その内容は、「耳を澄ます。聴くということ」の大切さをつくり手と聴き手の視点から改めて再認識してゆく、ということに尽きます。つくり手においては、自分の内なる響きに耳を澄ますということ、そのことに真摯に向き合うことを江村氏は言葉を重ねて主張されています。特に第1楽章では、やさしい語り口ながらも密度の高い主張がなされており、こういった考えに馴染みが無かった人にとっては大きな刺激となるでしょう。

その文中、中沢新一氏の言葉を引き合いに出し、「創造=起源にさかのぼること」という発想が「聴くことの重要性」につながっていくのではないかということや、「聴く」ということが自分のコアの部分(起源に近いところ)へとさかのぼっていくことと重なるイメージがある、という茂木氏の指摘は、個人的に興味を引かれました。

江村氏の言葉は、つくり手としての実感から生まれたストレートなものが多く、「作曲とは基本的に“聴く”という営み」という一言にも、その背景にある作曲活動の積み重ねとその軌跡がエピソードとして語られることで説得力が生まれています。「聴くことと創造することは“創出と享受”というような関係ではなく、聴くことは自分にぴったりあった何ものかを探すという意味で創造的な行為なのだ」という茂木氏の主張も、デュシャンの「レディーメイド」の話と相まって印象的です。

江村氏は、作曲家の近藤譲氏と同じように自らの創造行為へ目を向けて、言葉を用いてそれをすくい上げることが出来るタイプの人だと思います。近藤氏は過去に「線の音楽」という形で自身の作曲を語られていましたし、その後も音楽への根源的な問いを重ね、著作を発表し続けておられます。江村氏にも同様に、作曲活動の進展と併せて創作に対する思索を深め繰り広げてもらいたかったのですが、叶わぬこととなってしまったのが残念です。

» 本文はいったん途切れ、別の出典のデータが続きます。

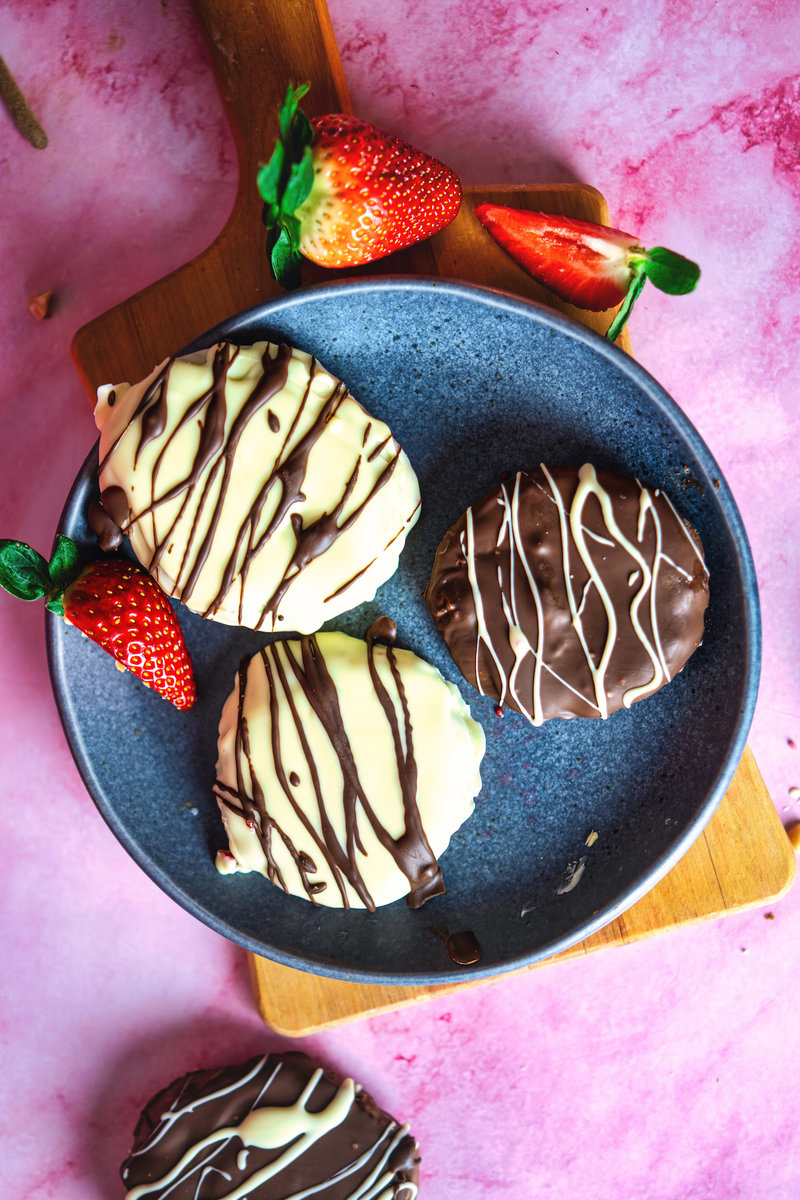Overhead view of chocolate covered raspberry bites with white and dark chocolate drizzle on a plate, accompanied by fresh strawberries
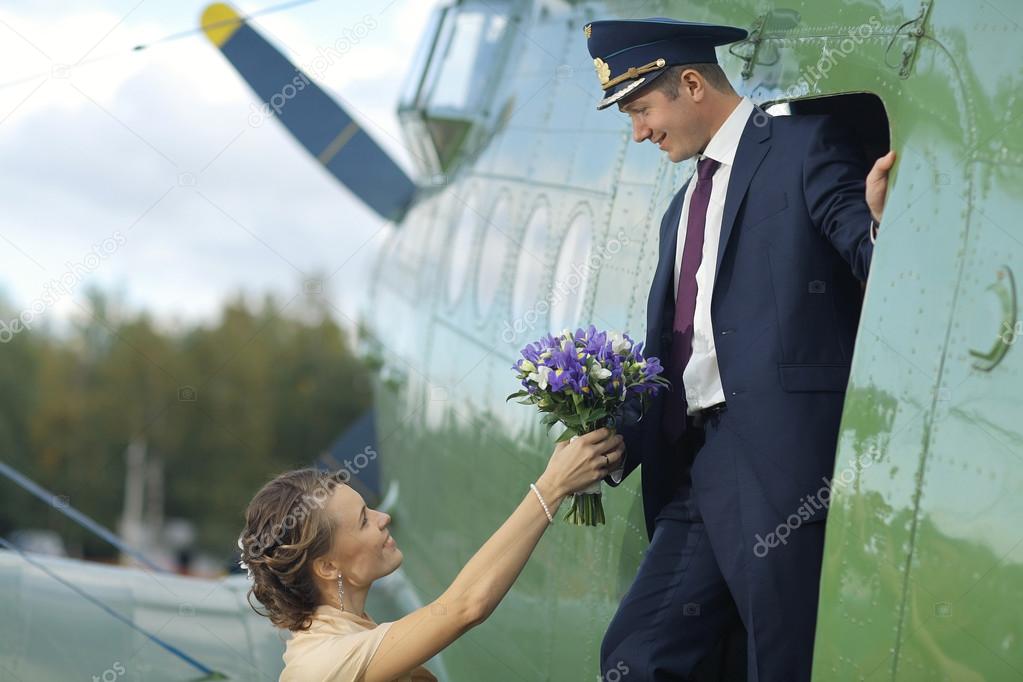 Couple at old airplane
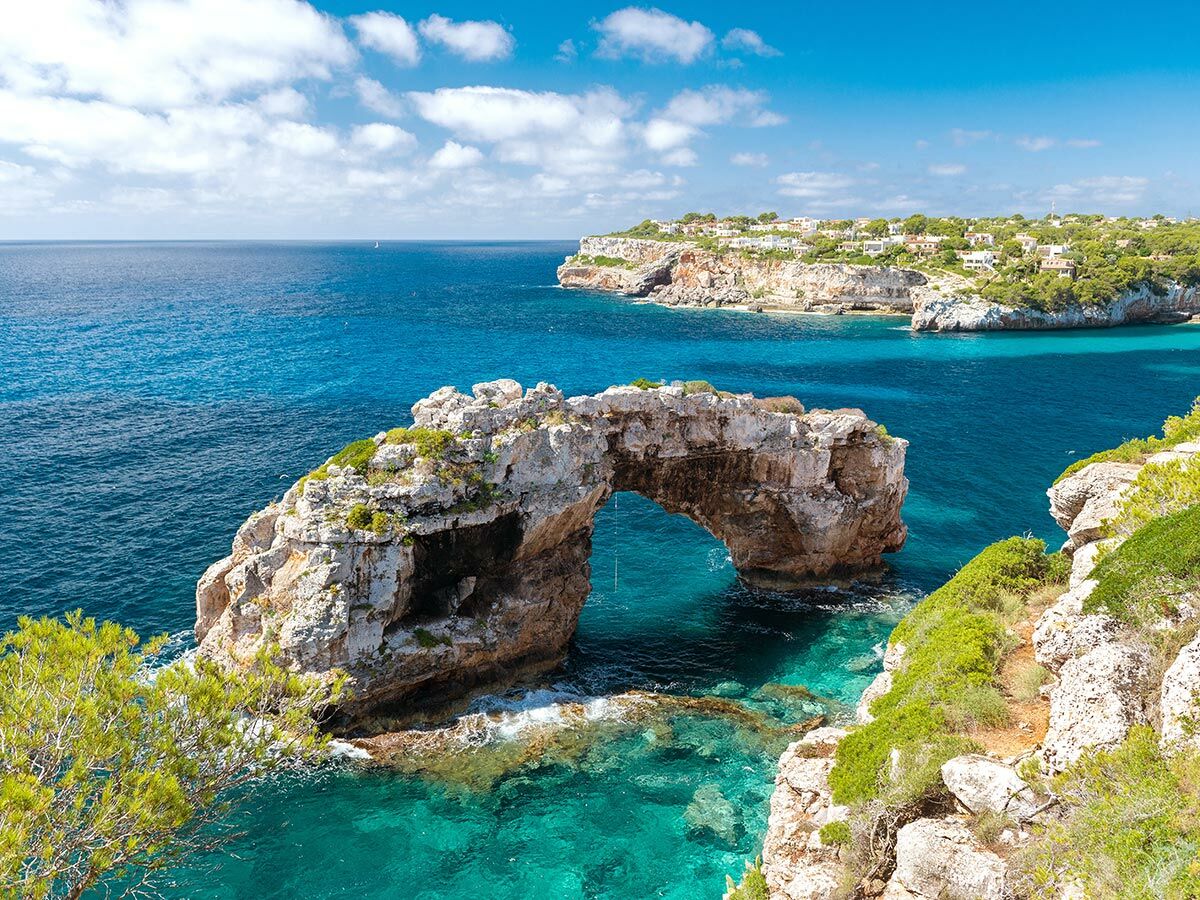 Malerischer Natursteinbogen im türkisen Meer vor einer felsigen Küste mit grüner Vegetation und Häusern unter blauem Himmel.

本書では、具体的な作曲技術については特に触れられてはいませんが、作曲でのフロー体験(没入状態)のことをはじめ、「(創作というものの本質は)自分の胸を切り裂いていくことに近い」ということなど、印象的な文章が散見されます。自ら「楽曲を書いている自分という存在が大変不思議」と述べていることからも伺えるように、そのナイーブで繊細な問いの姿勢から紡がれる言葉はストレートに響いてきます。

書籍情報

『音楽を「考える」』
茂木健一郎/江村哲二 著
出版社:筑摩書房(ISBN:4480687602)
2007年5月10日初版発行
サイズ:191ページ

『音楽を「考える」』の目次

  • まえがき──「聴く」ということ 江村哲二
  • 第1楽章 音楽を「聴く」
    • 世界には掛け値なしの芸術作品が存在している / モーツァルトが抱えていた「闇」は創造の本質を物語る / 世にも美しい音楽と数学の関係 / 「耳を澄ます」という芸術がある / 自分のなかにある音を聴く《4分33秒》という思想 / 創造するとは、自分自身を切り刻むということ / 「聴く」ことが脳に及ぼす影響とは?
  • 第2楽章 音楽を「知る」
    • 西洋音楽を考える基本要素──楽譜中心主義 / 日本人としてのオリジナリティ / 「頭の中で鳴る音楽」は自分だけのものか? / 「作曲は自分の音を聴くこと」──ジョン・ケージの問題提起
  • 第3楽章 音楽に「出会う」
    • 芸術とポピュリズムの狭間で / 現代音楽入門──無調・12音技法はなぜ生まれたか? / クラシックは「ブーム」たり得るか? / 世にも不思議な「一回性」という麻薬 / 名演が生まれるとき、「迷演」となる?! / 米国産「ミュージカル」は好きですか? / クラシック音楽の台所事情
  • 第4楽章 音楽を「考える」
    • クラシックは日本に浸透するか? 「一%」の高い壁 / 「お子様向けクラシック」を排除しよう! / クラシック音楽の多メディア的展開 / 「美しさ」の感知は、最初のインプットが肝心 / 美や真理は批評なくしては生まれない / 日本にも辛口批評と野蛮人精神を! / 音楽の密度と思考の密度はイコールである / 人生の転機はホメオスタシスの一部である / そして、生命哲学の問いが、音楽と結びつく
  • あとがき──音楽の精神からの「誕生」 茂木健一郎
  • 文献・作品ガイド

著者について

茂木健一郎(もぎ けんいちろう)

1962年東京都生まれ。脳科学者。ソニーコンピュータサイエンス研究所シニアリサーチャー、東京工業大学大学院連携教授(脳科学、認知科学)、東京芸術大学非常勤講師(美術解剖学)。東京大学理学部、法学部卒業後、東京大学大学院理学系研究科物理学専攻課程修了。理学博士。「クオリア」(感覚の持つ質感)をキーワードとして脳と心の関係を研究するとともに、文芸評論、美術評論にも取り組んでいる。著書は『脳とクオリア』(日経サイエンス社)、『「脳」整理法』『意識とはなにか』(以上、ちくま新書)、『脳と創造性』(PHP研究所)など、多数。ワーグナー、モーツァルトをはじめ、音楽への造詣も深い。(本書より引用)

江村哲二(えむら てつじ)

1960年兵庫県生まれ。作曲家。金城学院大学人間科学部教授(作曲学)。名古屋工業大学大学院修了。作曲を独学で学び、内外での受賞歴多数。第2回ウィトルド・ルトスワフスキ国際作曲コンクール第1位、平成4年度文化庁舞台芸術創作奨励特別賞、第4回芥川作曲賞、第9回ブザンソン国際作曲コンクール第1位。(本書より引用) 2007年6月逝去。